An Italian master's 10 tips for being a great waiter

"No 4. Know when to shut up."
"No 4. Know when to shut up." Photo: Shutterstock


News has reached the Southern Hemisphere that one of the great head waiters of the world, Giuseppe Nucera, has gone into retirement.

For more than 30 years, Nucera presided over Capannina Ciccio, a restaurant in the fishing village of Bocca di Magra on the north-west coast of Italy, watching it grow from a shack on the beach to a sprawling bungalow seating 200 diners.

His retirement is a loss, but Ciccio will continue to flourish without him, because Nucera left behind a set of guidelines to ensure later generations of waiters deserve every tip left for them.

In addition to possessing the combined skills of an acrobat, a diplomat, a psychologist, a surgeon, an actor, an accountant and an octopus, Nucera was a teacher. Over a coffee-soaked conversation post long-lunch at Ciccio, he revealed to me and Lucio Galletto (a former colleague of Nucera's until he moved to Australia and opened Lucio's in Sydney) the basic principles of his working life.

These are Nucera's guidelines on how to be a great waiter. I think Australian waiters have much to learn from the master's lessons.

1. Act like it's your own restaurant, so its successes are your triumphs, and its failures are your embarrassments, from which you learn.

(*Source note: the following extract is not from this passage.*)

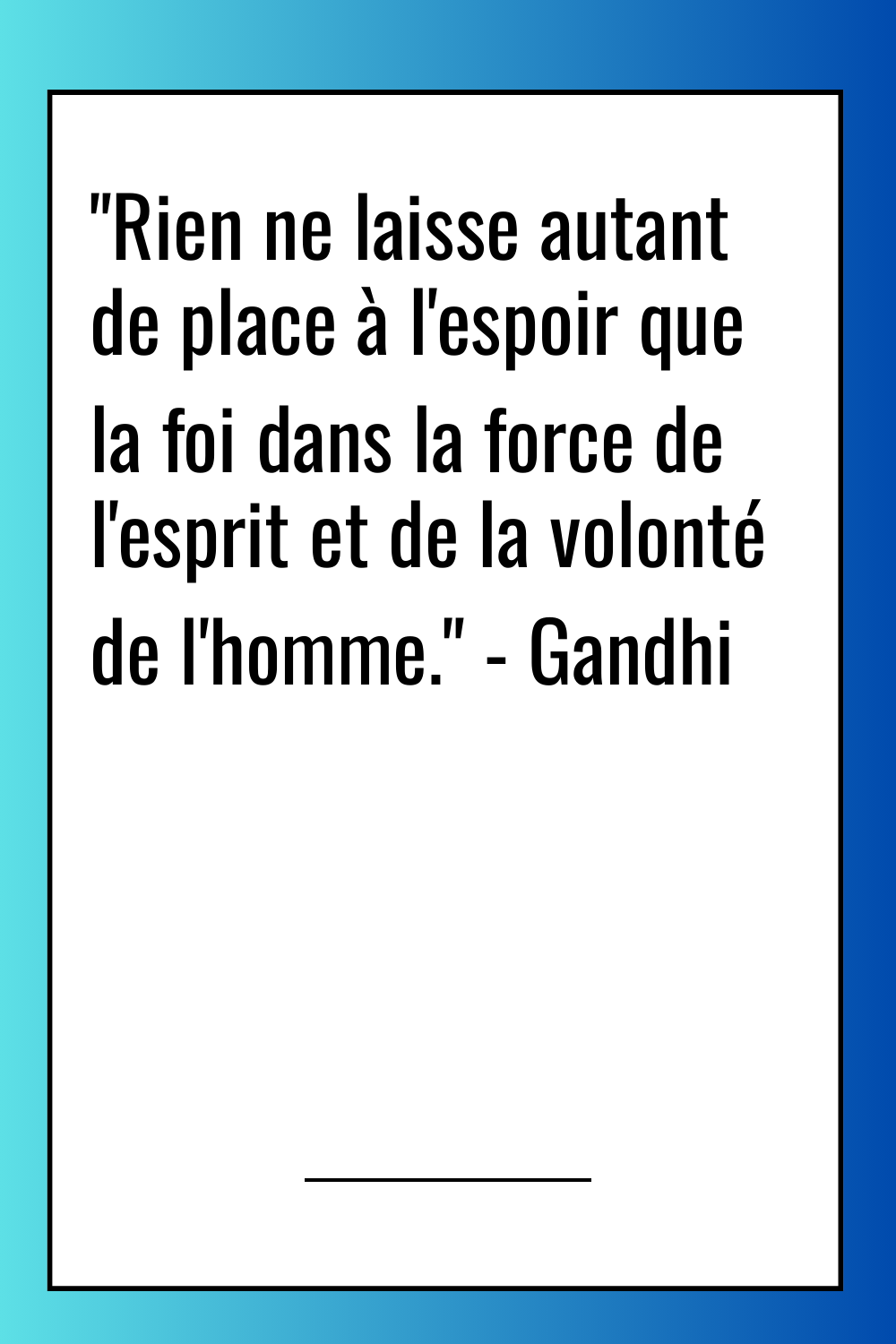 Image de citation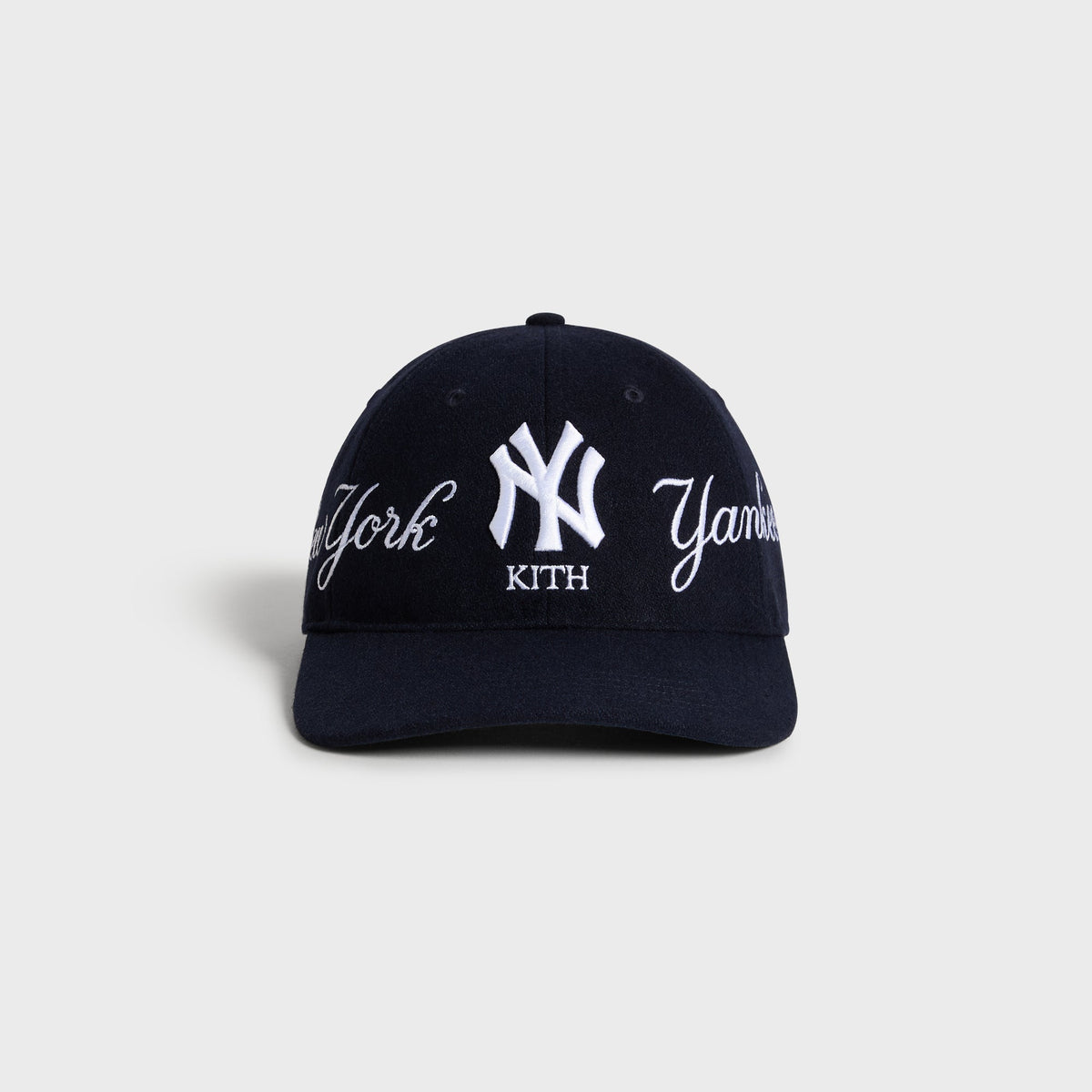 Kith & '47 for the New York Yankees Wool K Clean Up Cap - Nocturnal - PH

2. Prepare yourself to be able to talk on any subject. A good waiter spends the first half hour of the working day consuming media, because you never know when a customer will want to discuss politics, sport or scandals.

3. Know the backstory of everything in the place – not just the menu, but the wine, mineral water, oil, decor, owners and regular customers.


4. Know when to shut up. Some customers may be too polite to tell you to back off.

5. Don't make the customer look like an imbecile in front of other guests. As Nucera said: "If someone introduces me to his friends as Giovanni, then I am Giovanni for that table for the night."

6. Control the chefs – otherwise they will control you. You are the customer's ambassador to the kitchen, and you must never let the kitchen say, "It can't be done".

7. The serving of food and wine is a performance, not just a delivery. You should be able to carry, carve, compose, explain and entertain, while simultaneously analysing what else the customers need. That continues until you farewell them at the door.

8. Keep smiling, even if no one is observing. If you look confident, the customer can relax.

9. Eat out often in your own time, to learn from other restaurants.

10. It's better to serve a smaller quantity of top-quality ingredients than a large helping of something the customer will remember as second-rate. That way a restaurant has bella figura (a good image) and so do you.

David Dale is a food and travel writer and co-author of Soffritto, Lucio's Ligurian Kitchen, and Coastline – the Food of Mediterranean Italy, France and Spain with Lucio Galletto.